**AVAILABLE DATA**
######

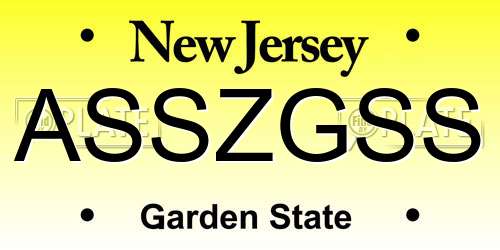 ASSZGSS New Jersey License Plate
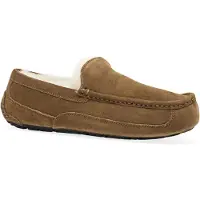 Ugg Men Ascot Chestnut-Schoenmaat 42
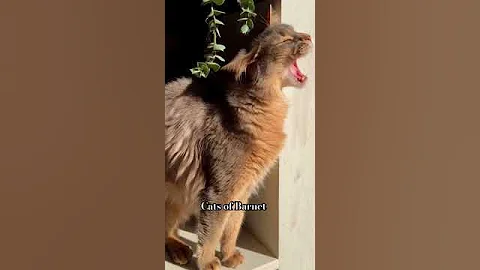 Video 8274311: kitty cat, somali cat, cat dog lovers, cute cat lover, pets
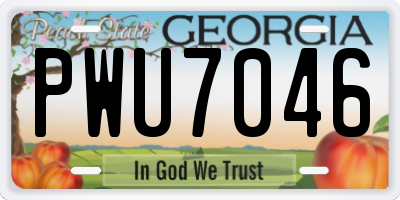 GA license plate PWU7046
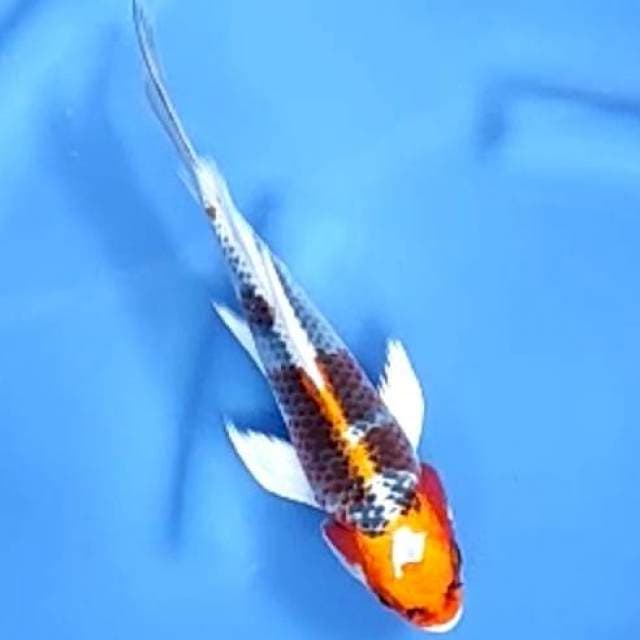 KUMPAY KUJAKU # 27CM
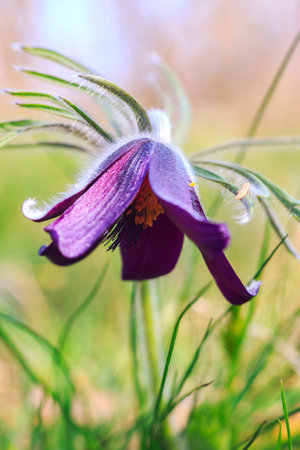 A group of Pulsatilla montana blooming on spring meadow in Hungary. Fine blurred natural background colorの写真素材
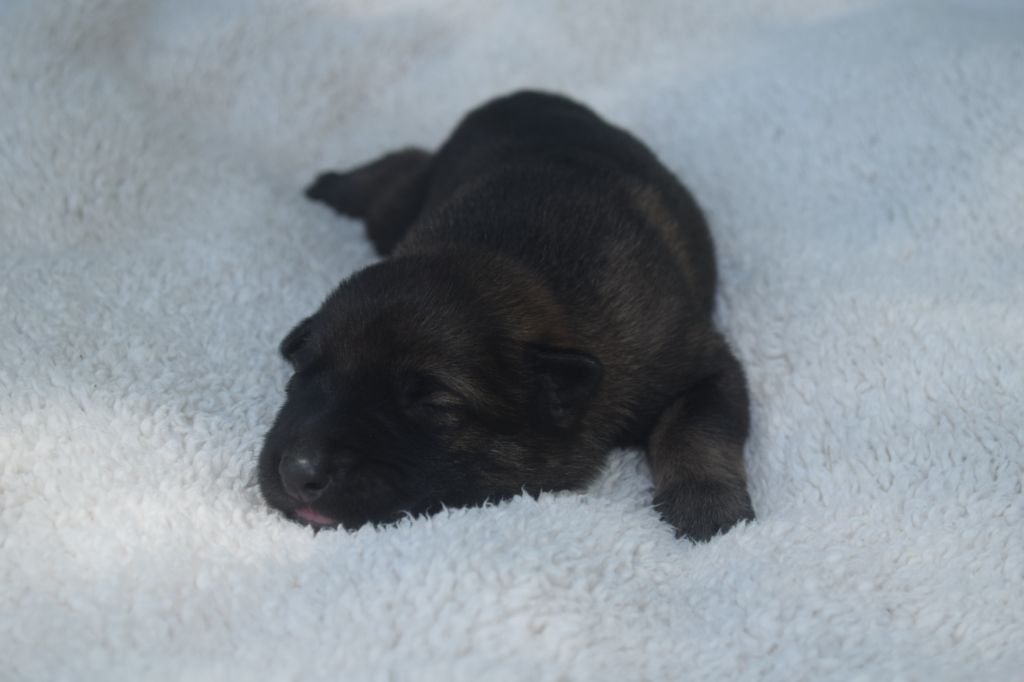 Du Millésime Champenois - Chiots disponibles - Berger Belge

######

**TASK REQUIREMENTS**
Give again, word for word, only the lines from the line containing "GA license plate PWU7046" through the last line above, both included; leave the pictures out.

**ANSWER TO THE EXERCISE**
 GA license plate PWU7046
 KUMPAY KUJAKU # 27CM
 A group of Pulsatilla montana blooming on spring meadow in Hungary. Fine blurred natural background colorの写真素材
 Du Millésime Champenois - Chiots disponibles - Berger Belge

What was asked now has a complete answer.